Here are a few scripts to scrape news headlines from all over the world using News API, translate them with the Helsinki-NLP Marian machine translation models (using HuggingFace), and display the articles on a Notion page - all from the comfort of Python. There are also some scripts to enable translating the headlines using Google Translate for higher quality translations.

Usage

Aside from the requirements in the requirements.txt file, you must also have a News API key (which you can get by signing up for free at News API). Additionally, if you wish to present the scraped articles with Notion, then you must have a Notion account and have your corresponding token (which can be found like this).

This project heavily relies on omni-fig for organizing the scripts and config files.

The recommended way to update (scrape, translate, and present) all articles, is to first replace the link in the config file config/usual.yaml with a link to one of your notion pages where the table of articles should be created (it is recommended for the page to be empty).

After you only need to run:

python main.py usual

Or equivalently,

fig nnn usual

Due to the high volume of requests sent to the Notion server, you may receive an error 504 while uploading the articles to the Notion page. If this occurs wait for 30 seconds to a minute, and then resume the upload with the following command:

python main.py usual --resume

Each of the three steps can be done separately using:

fig scrape-news usual
fig sanitize-news usual
fig present-notion usual

(see omni-fig and/or code for more information about the available arguments)

Performance

Scraping all top headline articles for all countries and all categories, requires about 350 requests to the News API, and takes less than ten minutes and collects around 1700-2000 articles. Thanks to parallelism, formatting and translating the articles is significantly faster and takes around two minutes. Finally, presenting the articles on Notion is somewhat problematic because with parallelism it can be done in less than five minutes, however all the necessary requests sent to the Notion server overload it. As a result, the number of workers must be decreased. In practice, a full update takes around 15-20 minutes, however the last step may require a few tries to coax the Notion servers into accepting all requests and to display.
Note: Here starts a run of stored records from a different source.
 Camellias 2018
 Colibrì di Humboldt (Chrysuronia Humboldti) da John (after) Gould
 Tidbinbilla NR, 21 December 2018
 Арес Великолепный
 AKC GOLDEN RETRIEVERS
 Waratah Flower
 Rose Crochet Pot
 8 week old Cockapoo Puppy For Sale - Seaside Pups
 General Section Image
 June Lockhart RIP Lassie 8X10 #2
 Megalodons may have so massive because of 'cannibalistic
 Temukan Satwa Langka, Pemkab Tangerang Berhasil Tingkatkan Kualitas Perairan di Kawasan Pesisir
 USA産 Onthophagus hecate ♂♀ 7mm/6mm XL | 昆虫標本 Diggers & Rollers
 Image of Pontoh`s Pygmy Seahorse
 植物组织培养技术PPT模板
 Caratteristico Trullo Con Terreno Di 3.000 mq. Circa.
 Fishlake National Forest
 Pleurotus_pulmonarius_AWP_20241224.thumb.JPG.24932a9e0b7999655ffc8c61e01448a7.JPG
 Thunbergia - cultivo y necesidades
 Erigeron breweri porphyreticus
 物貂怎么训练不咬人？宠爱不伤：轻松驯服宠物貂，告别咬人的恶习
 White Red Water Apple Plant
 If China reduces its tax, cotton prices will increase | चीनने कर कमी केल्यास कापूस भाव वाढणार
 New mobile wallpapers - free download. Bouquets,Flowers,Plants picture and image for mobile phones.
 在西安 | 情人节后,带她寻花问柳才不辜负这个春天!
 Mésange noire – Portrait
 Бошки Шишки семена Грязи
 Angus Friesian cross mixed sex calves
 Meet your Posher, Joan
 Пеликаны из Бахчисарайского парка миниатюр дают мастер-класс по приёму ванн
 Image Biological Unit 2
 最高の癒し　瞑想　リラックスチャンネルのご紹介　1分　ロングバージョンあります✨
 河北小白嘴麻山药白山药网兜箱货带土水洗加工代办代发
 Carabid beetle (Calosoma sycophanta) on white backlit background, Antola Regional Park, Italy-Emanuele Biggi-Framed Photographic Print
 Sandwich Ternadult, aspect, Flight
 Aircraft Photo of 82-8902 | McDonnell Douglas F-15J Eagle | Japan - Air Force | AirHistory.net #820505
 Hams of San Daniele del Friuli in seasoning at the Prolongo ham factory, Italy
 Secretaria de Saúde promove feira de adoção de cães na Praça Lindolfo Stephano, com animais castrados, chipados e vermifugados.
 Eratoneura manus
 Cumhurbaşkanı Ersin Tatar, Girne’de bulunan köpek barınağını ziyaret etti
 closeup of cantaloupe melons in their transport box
Nevertheless, I reckon this performance is sufficient for a common use case to be: you run the script while making breakfast, and then by the time you are back at your computer, over a thousand headlines from all over the world are there to greet you. (Perhaps more important use case focuses more on the scraping and formatting steps to provide a dataset of headlines from all over the world for various NLP settings and analysis).